I think one of the big things missing in many of the tools currently available is tracking metrics through the entire software development loop. How long does it take to implement a feature. How many mistakes were made? How many errors were caught by tests? How many tokens does it take? And then using this information to automatically self-tune.

xboxnolifes 7 days ago | parent | prev | next [-]

Its not the exact opposite of what ive been reading. Basically every person claiming to have success with LLM coding that ive read have said that too long of a prompt leads to too much context which leads to the LLM diverging from working on the problem as desired.

mistrial9 8 days ago | parent | prev | next [-]

the core might be - the difference between an LLM context window, and an agent's orders in a text. LLM itself is a core engine, running in an environment of some kind (instruct vs others?). Agents on the other hand, are descendants of the old Marvin Minsky stuff in a way.. it has objectives and capacities, at a glance. LLMs are connected to modern agents because input text is read to start the agent.. inner loops are intermediate outputs of LLM, in language. There is no "internal code" to this set of agents, it is speaking in code and text to the next part of the internal process.

There are probably big oversights or errors in that short explanation.

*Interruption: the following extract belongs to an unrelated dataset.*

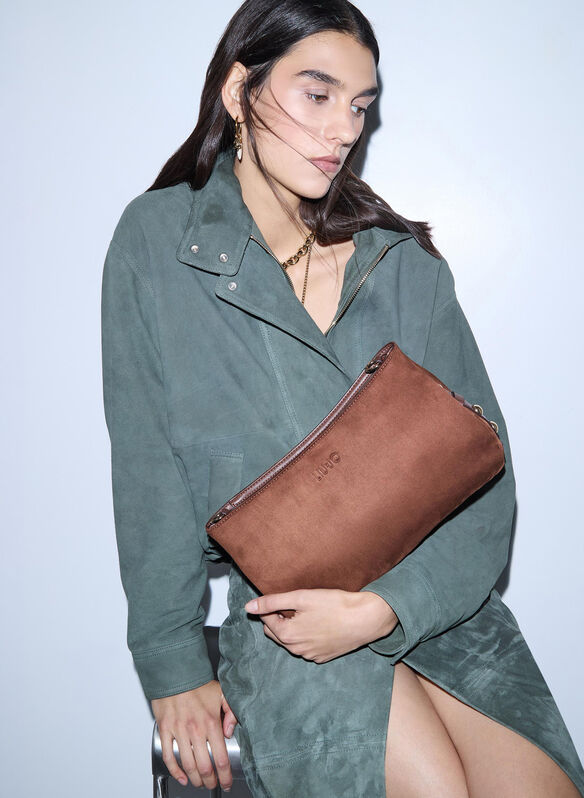 BORSA GERONA TRACOLLA SUEDE, 09032 TABACCO, medium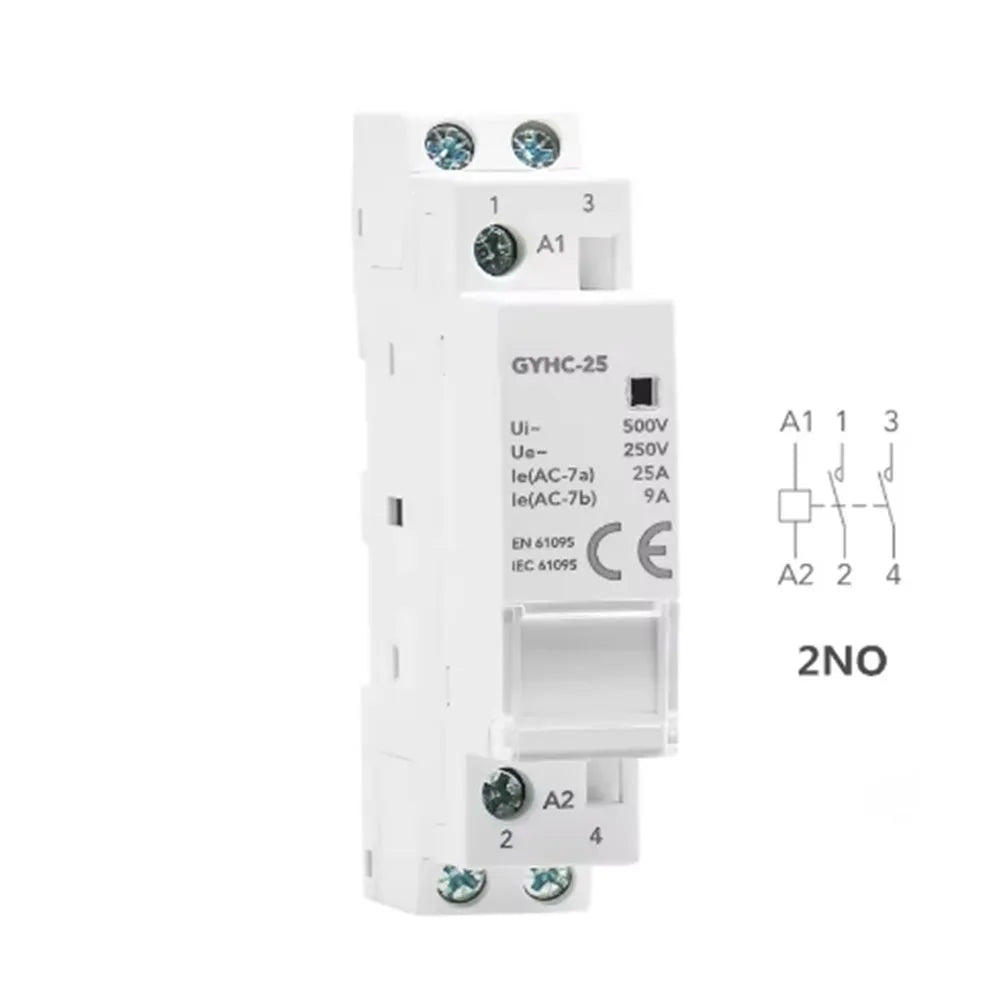 25A Contact Din Rail Mount RoHS Compliant Transparent Flip Cover Flame Retardant Plastic Low Power Consumption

The LLM engine, the runner of the engine, and the specifics of some environment, make a lot of overlap and all of it is quite complicated.

hth

Rastonbury 8 days ago | parent | prev | next [-]

For the work they are doing porting and building off a spec there is already good context in the existing code and spec, compared with net new features in a greenfield project.

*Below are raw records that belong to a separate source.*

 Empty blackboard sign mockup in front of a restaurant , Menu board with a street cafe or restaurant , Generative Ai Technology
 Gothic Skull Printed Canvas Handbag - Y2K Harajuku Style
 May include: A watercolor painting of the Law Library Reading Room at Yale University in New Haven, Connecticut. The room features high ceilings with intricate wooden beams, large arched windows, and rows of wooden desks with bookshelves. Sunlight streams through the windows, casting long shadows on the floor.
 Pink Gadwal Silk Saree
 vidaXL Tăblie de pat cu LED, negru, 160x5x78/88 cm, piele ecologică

dhorthy 8 days ago | parent | prev [-]

Hmm what sorts of advice in the last year are you referring to? Like the “run it ten times and pick the best one” thing? Or something else?

I kind of agree that picking from 10 poorly-promoted projects is dumb.

The engineering is in setting up the engine and verification so one agent can get it right (or 90% right) on a single run (of the infinite ish loop)

jjani 8 days ago | parent [-]

> Hmm what sorts of advice in the last year are you referring to?

They're almost certainly referring to first creating a fleshed out spec and then having it implement that, rather than just 100 words.